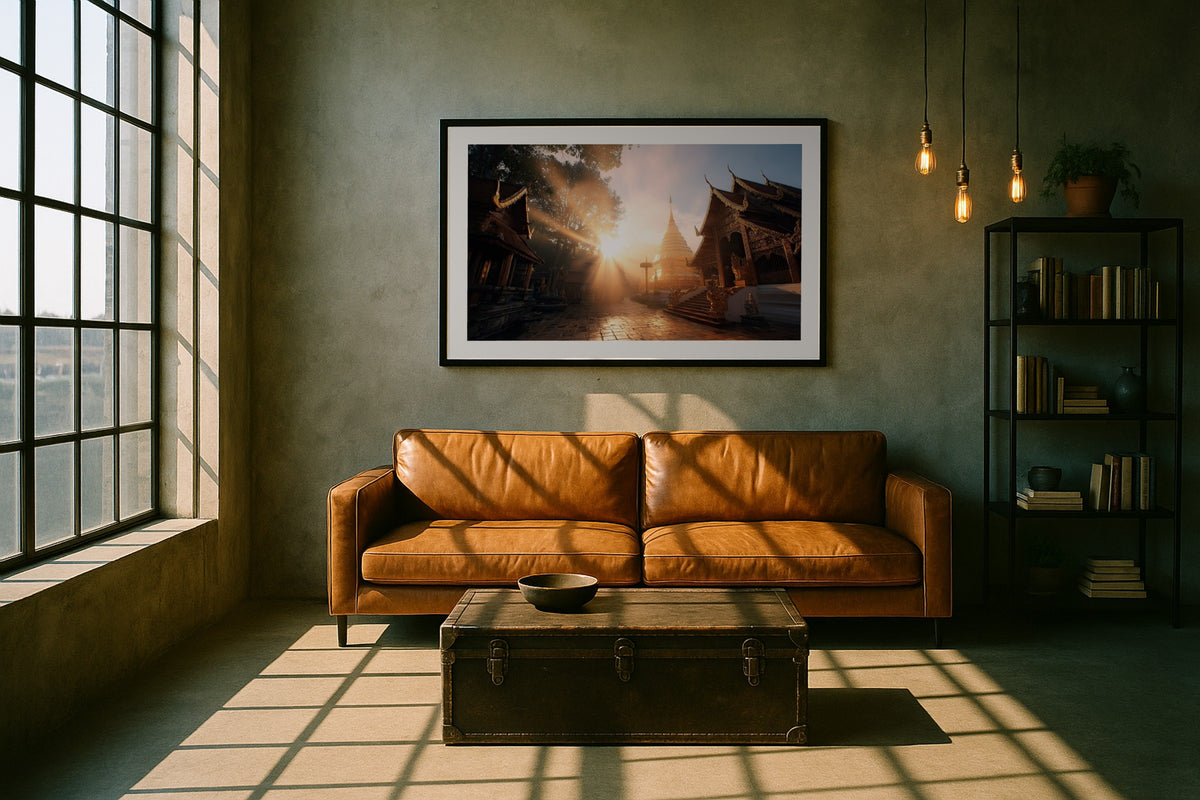 Doi Suthep wall art print, framed with a white border, in a loft leather sofa
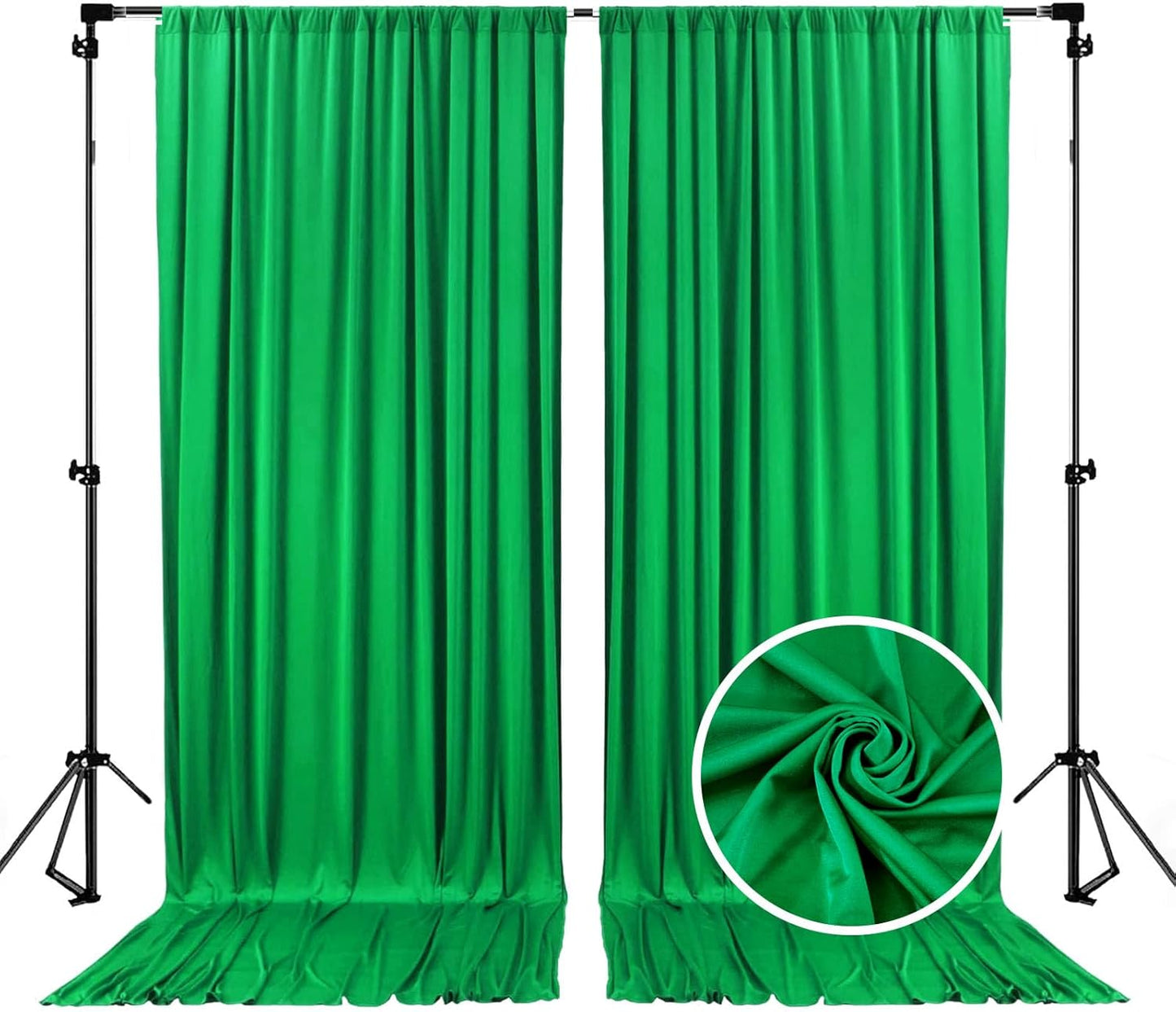 10 x 7 Feet Grass Green Backdrop Curtain for Partie, Background Curtains for Photoshoot, Birthday, Wedding, Halloween, Thanksgiving, Christmas, New Year Party Decorations 5Ft x 7Ft, 2 Panels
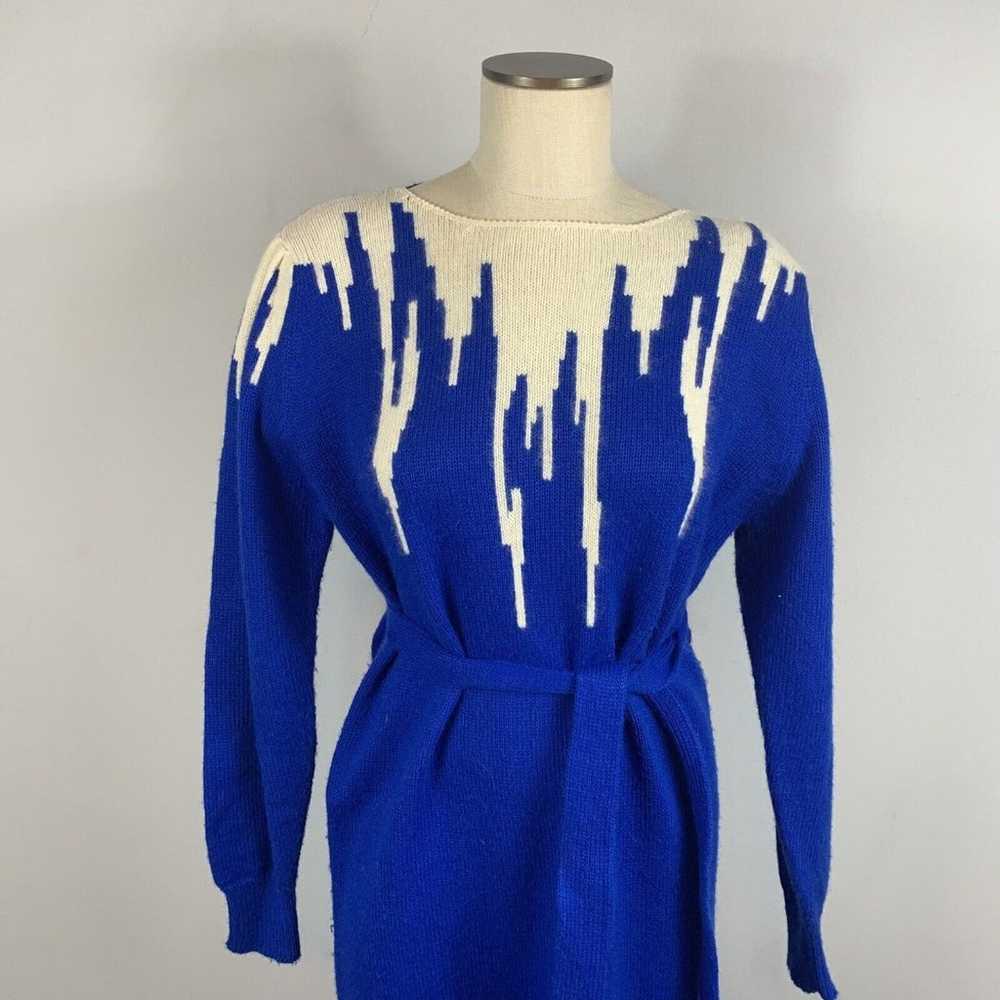 Vintage 80s Cristina Blue Sweater Dress Belt Ango… - image 11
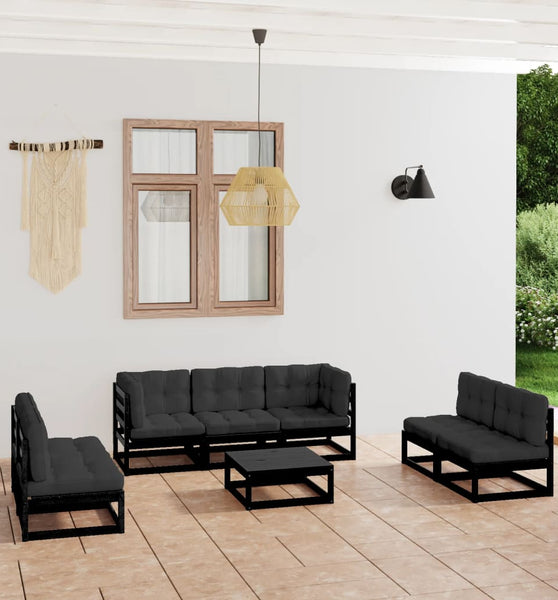 8-tlg. Garten-Lounge-Set mit Kissen Kiefer Massivholz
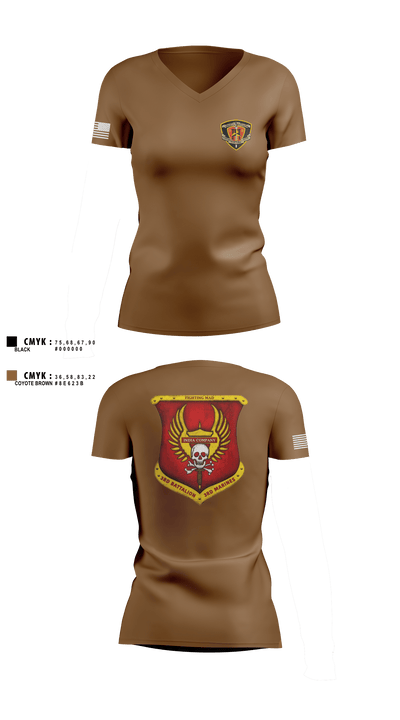 3rd Battalion 3rd Marines India Co. 18315105 Women's Short Sleeve V-neck Shirt - 1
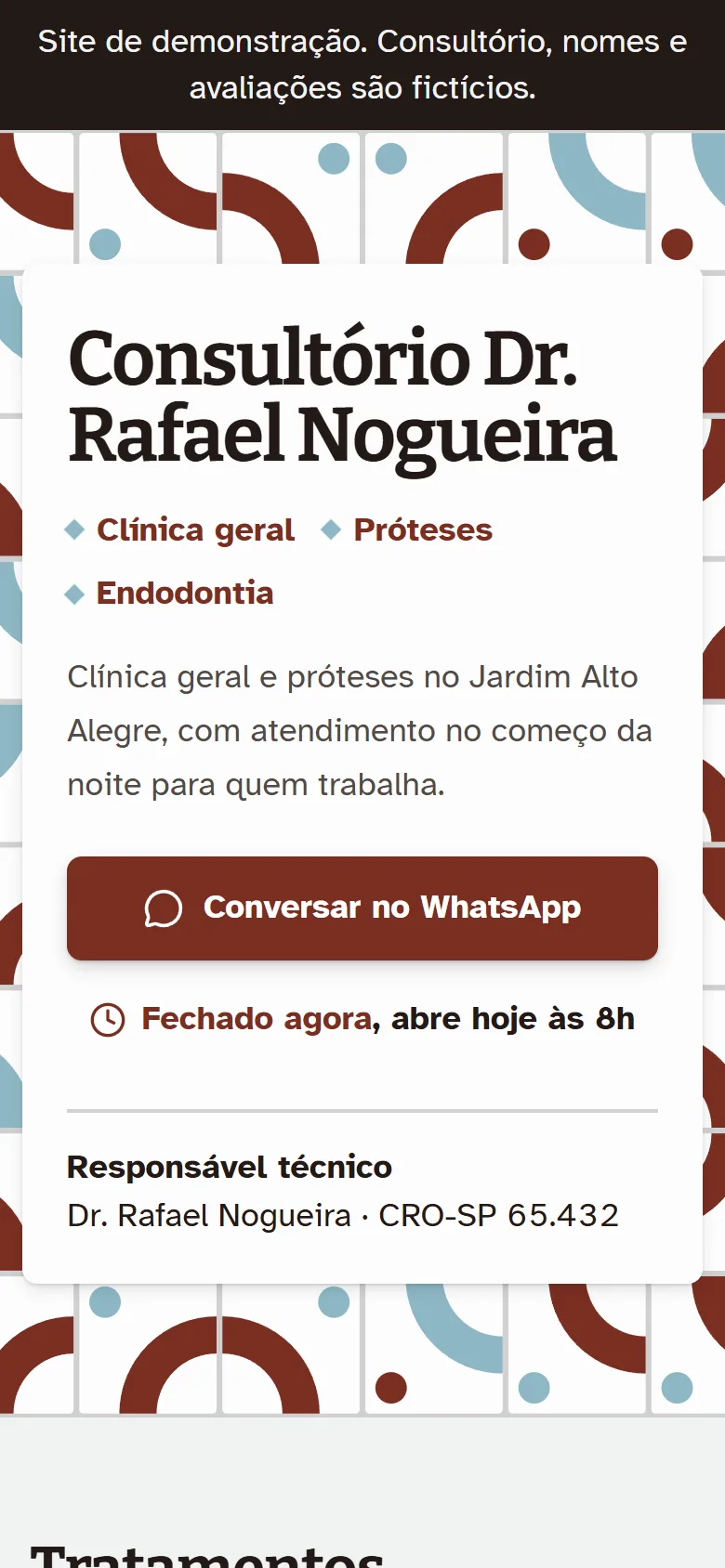 Primeira tela do site de demonstração Consultório Dr. Rafael Nogueira no celular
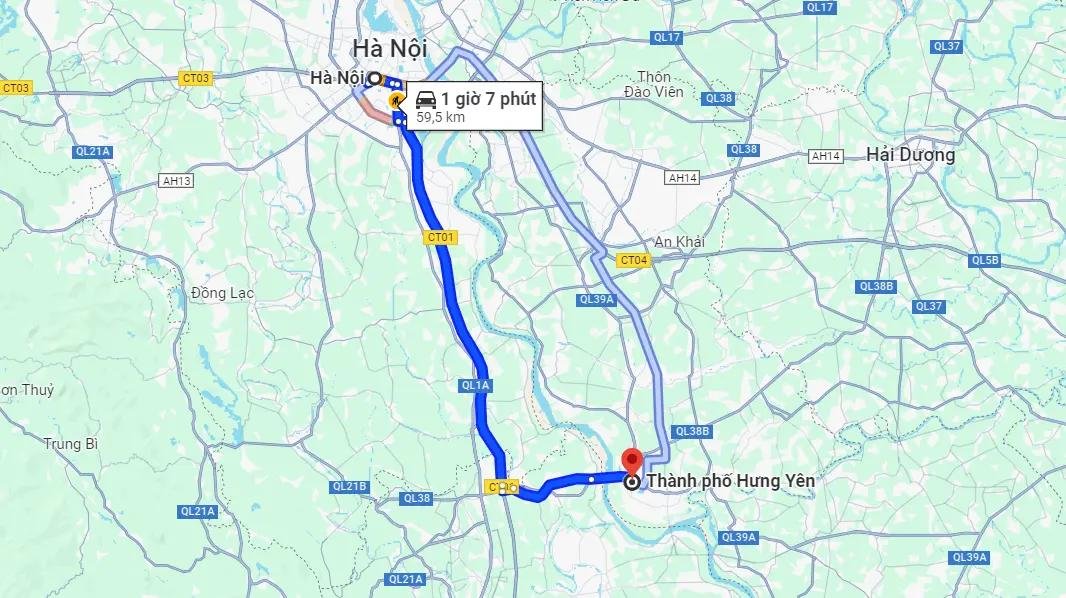 hình ảnh xe Thái Đăng Long chạy tuyến Yên Nghĩa Hưng Yên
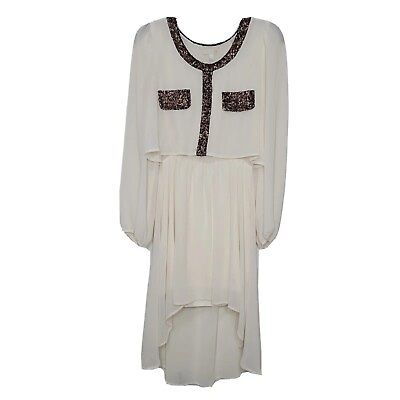 #ad Gianni Bini Long Sleeve High Low Ivory Boho Dress w Brown Sequin Neck Size M $14.00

*TASK STATEMENT:*
Pictures are to be omitted; otherwise, write out the data exactly as it appears.

*ANSWER SPACE:*
 Doi Suthep wall art print, framed with a white border, in a loft leather sofa
 10 x 7 Feet Grass Green Backdrop Curtain for Partie, Background Curtains for Photoshoot, Birthday, Wedding, Halloween, Thanksgiving, Christmas, New Year Party Decorations 5Ft x 7Ft, 2 Panels
 Vintage 80s Cristina Blue Sweater Dress Belt Ango… - image 11
 8-tlg. Garten-Lounge-Set mit Kissen Kiefer Massivholz
 3rd Battalion 3rd Marines India Co. 18315105 Women's Short Sleeve V-neck Shirt - 1
 Primeira tela do site de demonstração Consultório Dr. Rafael Nogueira no celular
 hình ảnh xe Thái Đăng Long chạy tuyến Yên Nghĩa Hưng Yên
 #ad Gianni Bini Long Sleeve High Low Ivory Boho Dress w Brown Sequin Neck Size M $14.00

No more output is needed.